The second count alleges the object of the conspiracy to have been to injure and oppress, and to reduce to beggary and want, certain employes of said corporation, naming them, and to deprive them of their said employment, and to prevent them from getting employment elsewhere, and to force said corporation, against its will, to discharge said persons, etc. The means of accomplishing said purposes are then set out, and are similar to those set out in the first count.

In the third count, the object, as alleged, was, by indirect means, to impoverish the Carrington Publishing Company, a corporation engaged in publishing a daily newspaper called "The Journal & Courier," a newspaper and advertising medium; and the means agreed upon was by lessening and destroying the circulation of said newspaper, and by inducing, by threats and persuasions, subscribers, advertisers, and others from further patronizing said newspaper, etc.

The fourth count is like the third, with the additional allegation that the defendants induced one person to discontinue his subscription to said newspaper, and attempted to induce sundry other persons from advertising therein, and that the corporation was greatly damaged.
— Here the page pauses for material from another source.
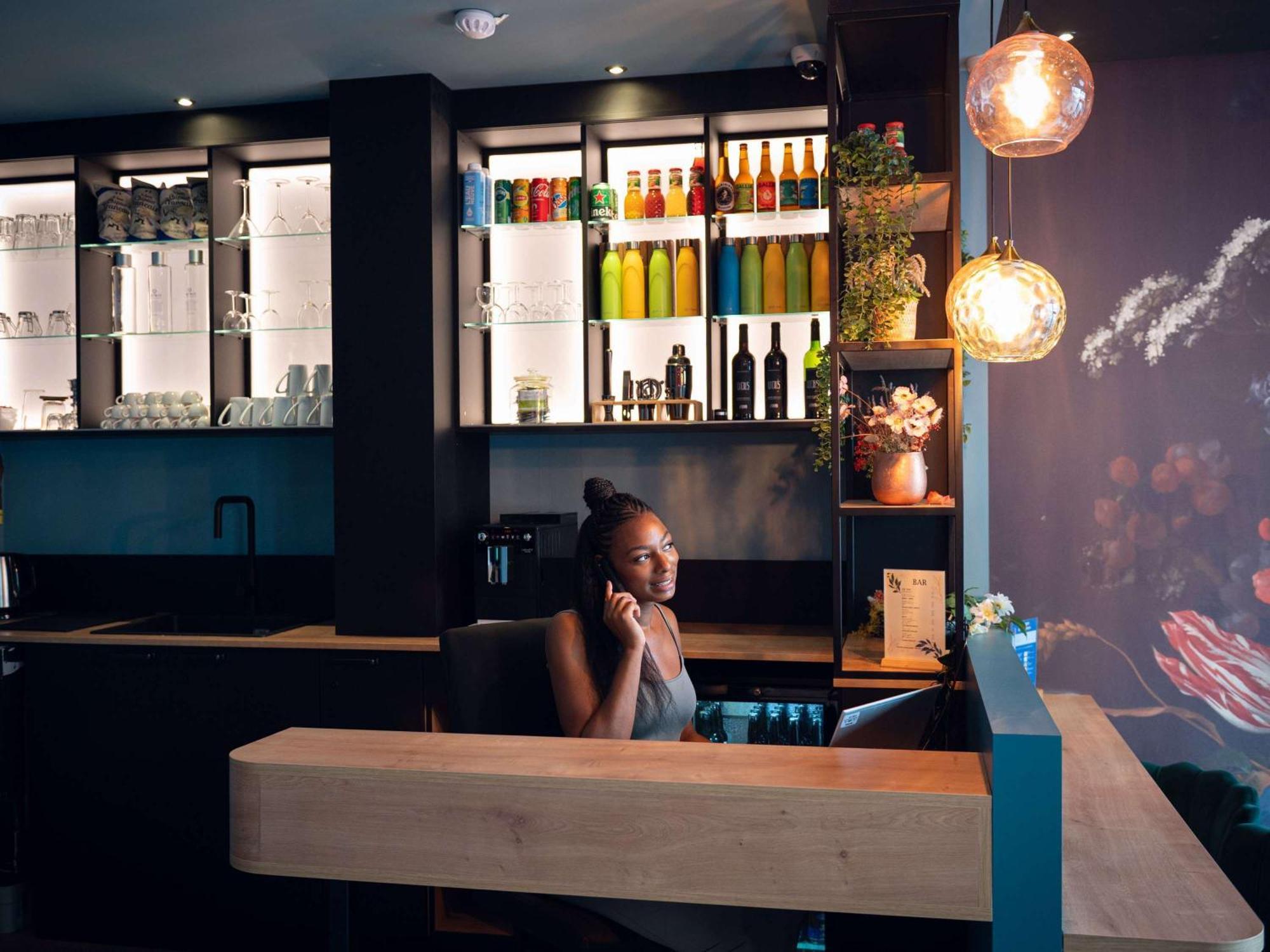 Ibis Styles Paris Batignolles Hotell Exteriör bild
The fifth count alleges that the defendants conspired together to impoverish one Alfred W. Gleason, to reduce him to want and beggary, and to hinder and deprive him from using and exercising his trade and business as a printer in the employ of said corporation, by inducing and causing, by threats and persuasions, said corporation to discharge said Gleason from its employ, and thereafter to refrain from employing him, etc.
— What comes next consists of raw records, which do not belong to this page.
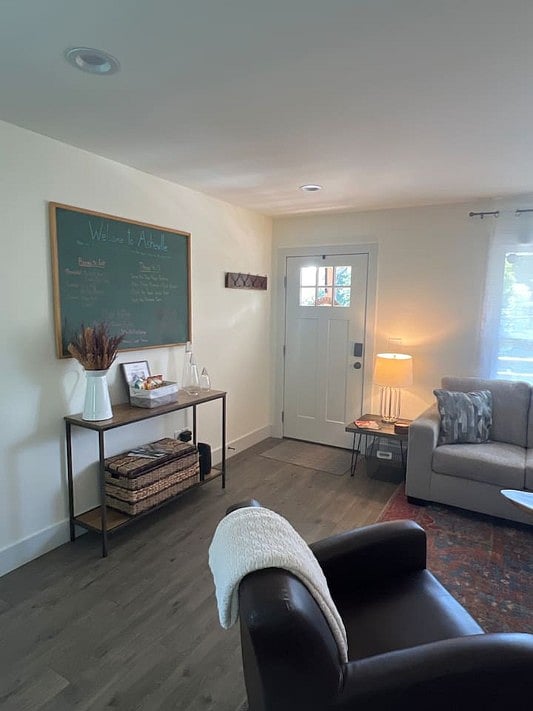 Furnished Finder property 1043488_1 photo 11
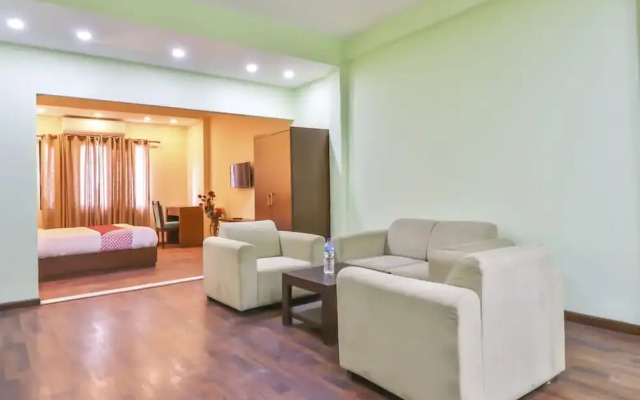 OYO 635 Hotel Layata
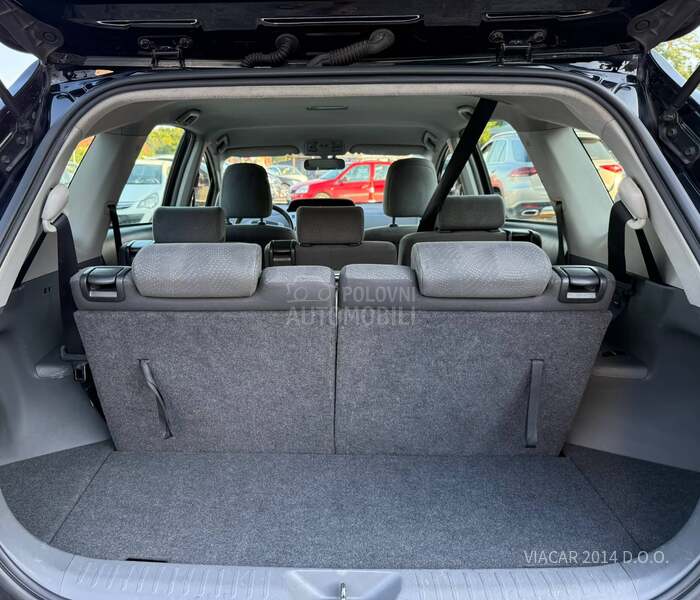 Toyota Prius + HIBRID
The sixth count is like the fifth, except that two other persons are named with Gleason as the persons to be injured, etc.

We assume that it was the intention of the attorney to charge but one offense, as all the counts are manifestly based upon one and the same transaction. The first count seems to embrace the substance of all the others, so that we have no occasion further to consider the different counts separately.
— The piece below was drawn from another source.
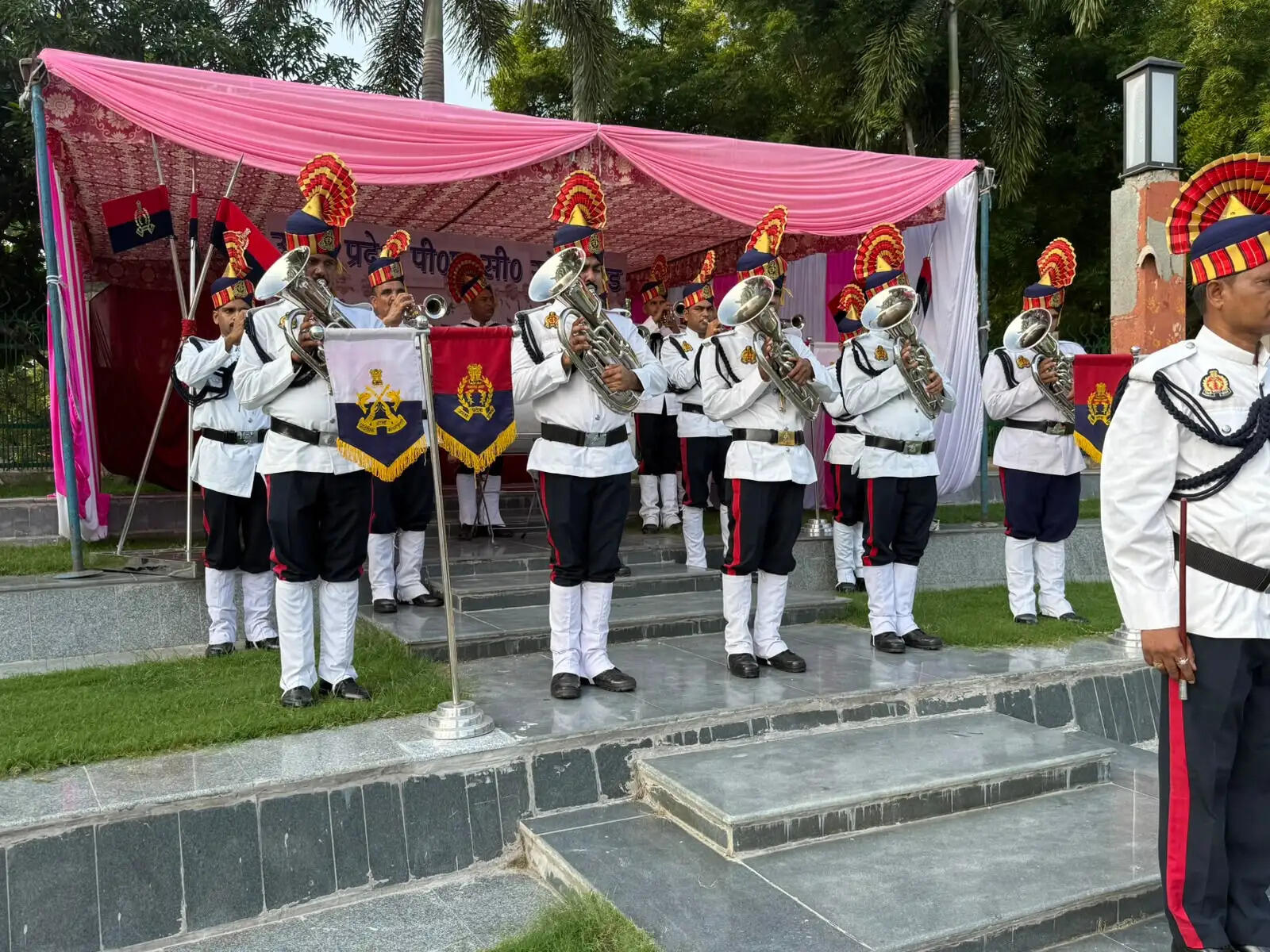 लखनऊ में स्वतंत्रता दिवस से पहले जनेश्वर पार्क में पीएसी की स्टेट बैंड ने देशभक्ति धुनों की प्रस्तुति दी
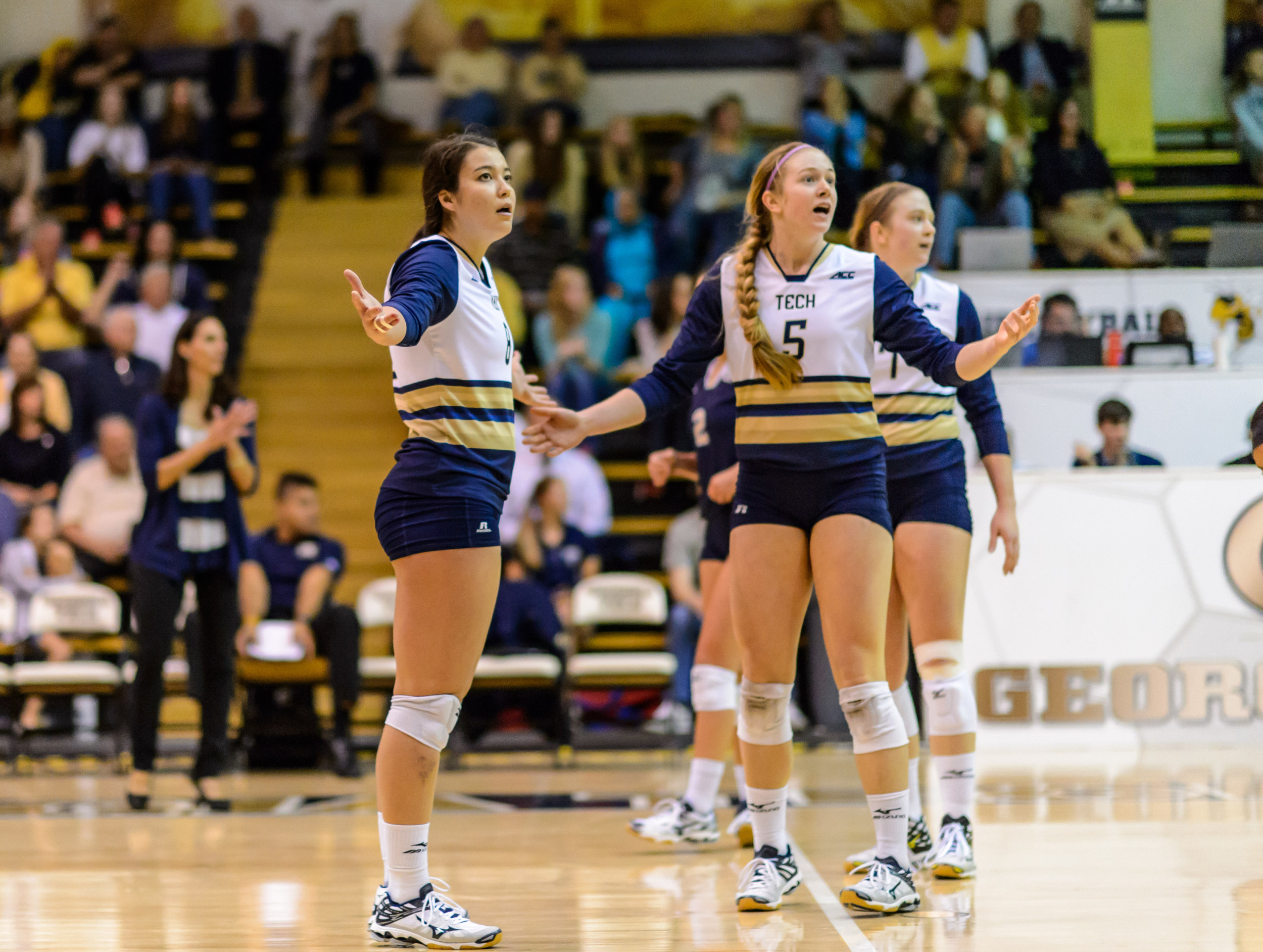 Rebecca Martin (8), Annika Van Gunst (5)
We will next inquire what is a criminal conspiracy. We will not attempt to formulate in a single sentence a definition which will embrace every case of conspiracy which the law will regard as criminal. Such a definition will of necessity embrace, not only a great variety of subjects, but also many distinct and independent classes of subjects. We shall therefore have a better understanding of the matter if we consider each part of such a definition by itself, each part having reference to a class of objects or purposes which may form the subject of a criminal conspiracy.

In the first place, it seems to be generally conceded that, if two or more persons confederate and agree together to commit some crime or misdemeanor, such confederation or agreement is itself an offense. Here we are hardly on debatable ground, and here we will pause and apply this partial definition to this information. A statute passed in 1878 provides that "every person who shall threaten or use any means to intimidate any person to compel such person, against his will, to do or abstain from doing any act which such person has a legal right to do, or shall persistently follow such person in a disorderly manner, or injure or threaten to injure his property, with intent to intimidate him, shall, upon conviction, be liable to a fine not exceeding $100, or imprisonment in the county jail six months." This statute was unquestionably designed as a substitute for the act of 1877, which doubtless had its origin in the apprehension which prevailed throughout the country at the time of and soon after the trouble on the Pennsylvania Railroad, during which there was such an immense destruction of property at Pittsburgh. The operation of that act was limited to railroad, gas, and telegraph companies. The act of 1878 removed the limitation, and was designed to protect all persons, natural or artificial, employers or employes, in the management and control of their own business. It simply extended the remedy. We cannot, therefore, limit the act of 1878 to subjects embraced in the act of 1877 without doing violence to the manifest intention of the legislature.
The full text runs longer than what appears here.